Оставшийся безнаказанным выстрел Засулич повлек за собой целую серию террористических покушений на различных сановников в 1878–1881 годах. Так, 23 февраля 1878 года в Киеве был убит товарищ прокурора М. М. Котляревский, а 25 мая там же — жандармский ротмистр Г. Э. Гейкинг. Ну а 4 августа террористы нанесли удар уже в Петербурге: среди белого дня был смертельно ранен главный начальник III отделения С. Е. И. В. канцелярии и шеф Отдельного корпуса жандармов Н. В. Мезенцов.
В связи с этим убийством 20 августа в «Правительственном вестнике» было опубликовано специальное заявление. В нем, в частности, подчеркивалось: «Правительство отныне с неуклонной твердостью и строгостью будет преследовать тех, которые окажутся виновными или прикосновенными к злоумышлению против существующего государственного устройства, против основных начал общественного и семейного быта и против освященных законов прав собственности…»
Порочный круг, как это еще не раз случится в истории, замкнулся: революционный террор закономерно вел к усилению репрессий.
В связи с очередным покушением на Александра II, предпринятым 2 апреля 1879 года А. К. Соловьевым, последовал ряд указов: отныне дела о политических преступлениях передавались в ведение военных судов. А с 1 сентября ими также рассматривались и дела о сопротивлении полиции.

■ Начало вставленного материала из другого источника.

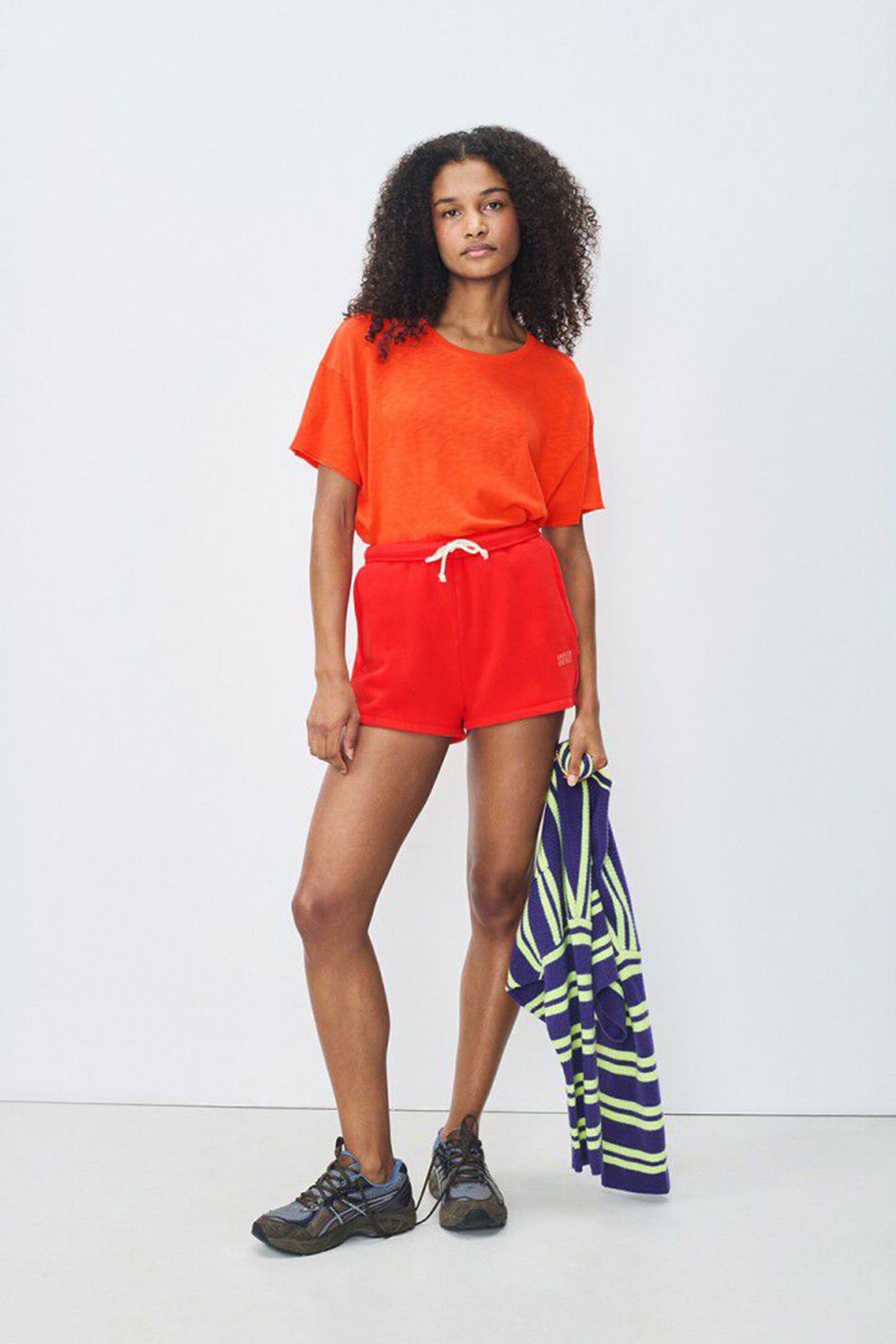 Dames short rood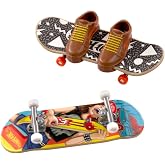 Hot Wheels Skate Retro Temalı İkili Parmak Kaykay ve Ayakkabı Paketleri HXL17-HXL20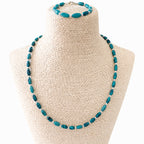 Conjunto Collar y Pulsera Turquesa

У террористов, безусловно, имелась и своя, пусть и извращенная, логика. В марте 1879 года они откровенно изложили свои взгляды в «Листке „Земли и воли“»: «Три-четыре удачных политических убийства заставили наше правительство вводить военные законы, увеличивать жандармские дивизионы, расставлять казаков по улицам, назначать урядников по деревням — одним словом, выкидывать такие salto mortale
[3] самодержавия, к каким не принуждали его ни годы пропаганды, ни века недовольства во всей России, ни волнения молодежи, ни проклятия тысяч жертв, замученных на каторге и в ссылке… Вот почему мы признаем политическое убийство за одно из главных средств борьбы с деспотизмом».